Beware of SINGLE_THREADED_BLOCK

At first, SINGLE_THREADED_BLOCK seems kind of handy. It prevents thread swapping while in the block. For certain timing sensitive code, it can be useful.

However you must avoid within a SINGLE_THREADED_BLOCK:

  • Lengthy operations
  • Calls to delay()
  • Any call that can block (Particle.publish, Cellular.RSSI, and others)
  • Any function that uses a mutex to guard a resource (Log.info, SPI transactions, etc.)

The problem with mutex guarded resources is a bit tricky. For example: Log.info uses a mutex to prevent multiple threads from trying to log at the same time, causing the messages to be mixed together. However the code runs with interrupts and thread swapping enabled. Say the system thread is logging and your user thread code swaps in. The system thread still holds the logging mutex. Your code enters a SINGLE_THREADED_BLOCK, then does Log.info. The system will deadlock at this point. Your Log.info in the user thread blocks on the logging mutex. However it will never become available because thread swapping has been disabled, so the system thread can never release it. Both threads will stop running at this point.

Because it's hard to know exactly what resources will be guarded by a mutex its best to minimize the use of SINGLE_THREADED_BLOCK.
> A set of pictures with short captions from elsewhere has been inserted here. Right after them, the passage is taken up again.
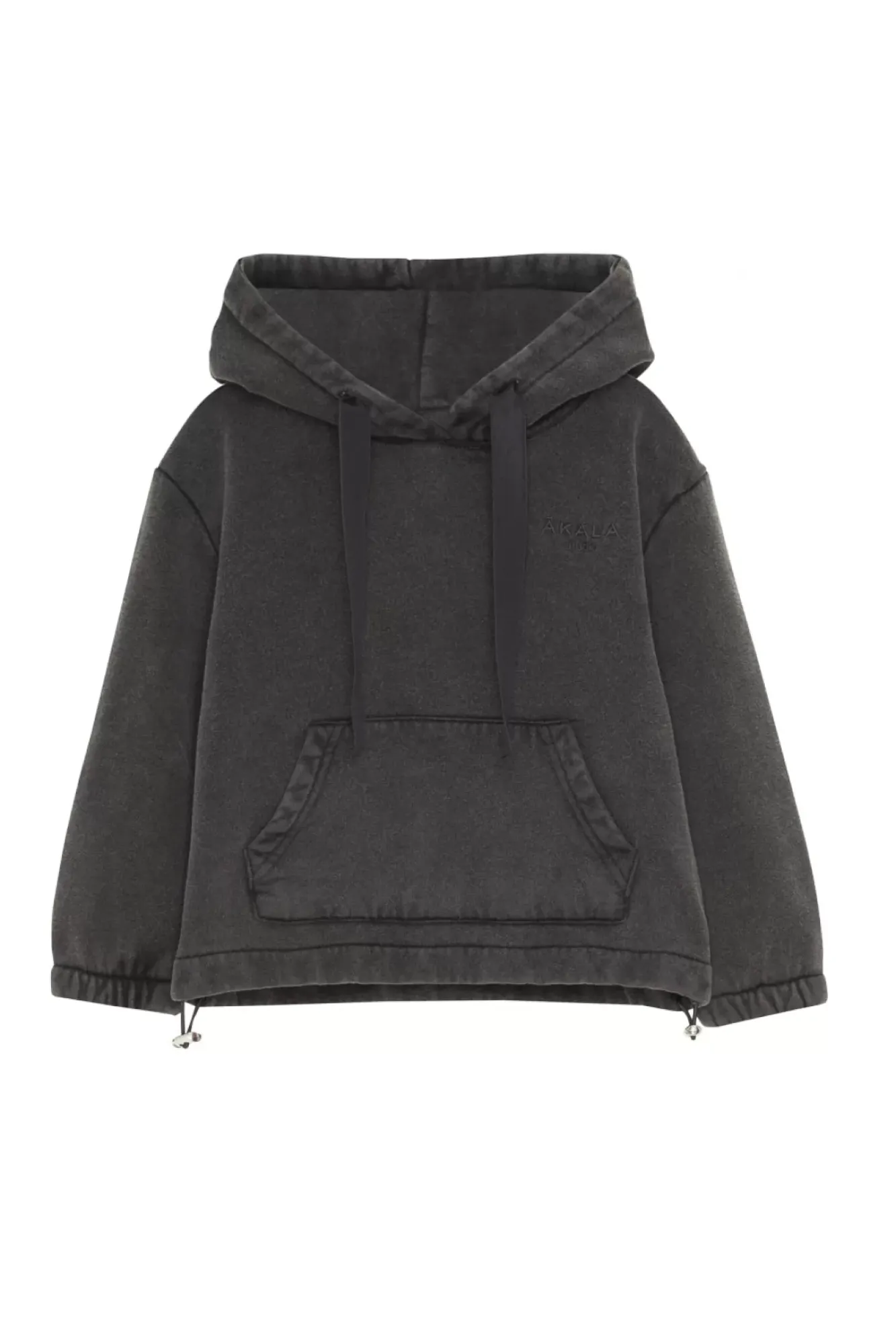 The Akala Studio Sudadera Washed Grey Nina Hot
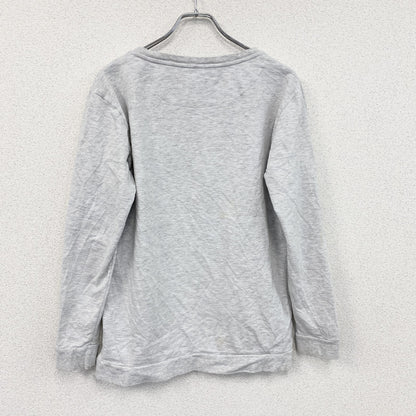 internacionale　長袖Tシャツ/ロンT　スカル　グレー　12サイズ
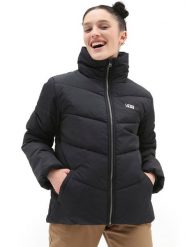 Vans Kurtka pikowana "Foundry" w kolorze czarnym rozmiar: S. Czarne kurtki Vans, s, bez wzorów, bez kaptura. Za 374.45 zł.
Using a mutex to block a thread

One handy trick is to use a mutex to block your thread until something happens elsewhere. In this example, a SETUP/MODE button click handler can unblock the thread to make one run.

#include "Particle.h"

SYSTEM_THREAD(ENABLED);

void threadFunction(void *param);


os_mutex_t mutex;

void buttonHandler();

void setup() {
    Serial.begin(9600);

    // Create the mutex
    os_mutex_create(&mutex);

    // Initially lock it, so when the thread tries to lock it, it will block.
    // It's unlocked in buttonHandler()
    os_mutex_lock(mutex);

    // Create the thread
    new Thread("testThread", threadFunction);

    System.on(button_click, buttonHandler);
}

void loop() {
}

void buttonHandler() {
    // Release the thread mutex
    os_mutex_unlock(mutex);
}

void threadFunction(void *param) {
    while(true) {
        // Block until unlocked by the buttonHandler
        os_mutex_lock(mutex);

        WITH_LOCK(Serial) {
            Serial.println("thread called!");
        }
    }
    // You must not return from the thread function
}

You should use a mutex instead a busy wait (testing for a condition in a while loop) whenever possible as mutexes are a fundamental and very efficient part of FreeRTOS. A thread blocked on a mutex doesn't use any CPU.

Note that an earlier version of this application note used STARTUP() to create the mutex. This is no longer recommended. Instead of creating mutex and thread objects using STARTUP, global object constructors, or global lambda functions, it's much better to defer everything to setup(). The reason is that the order of global object constructions is indeterminate and may fail to initialize properly.

Using a queue

In addition to the mutex, threading supports queues. A queue is initialized with a maximum length. The main advantage of a queue is that you can add to the queue from another thread and even from an ISR. You can then remove items from the queue from a safer context, for example from loop.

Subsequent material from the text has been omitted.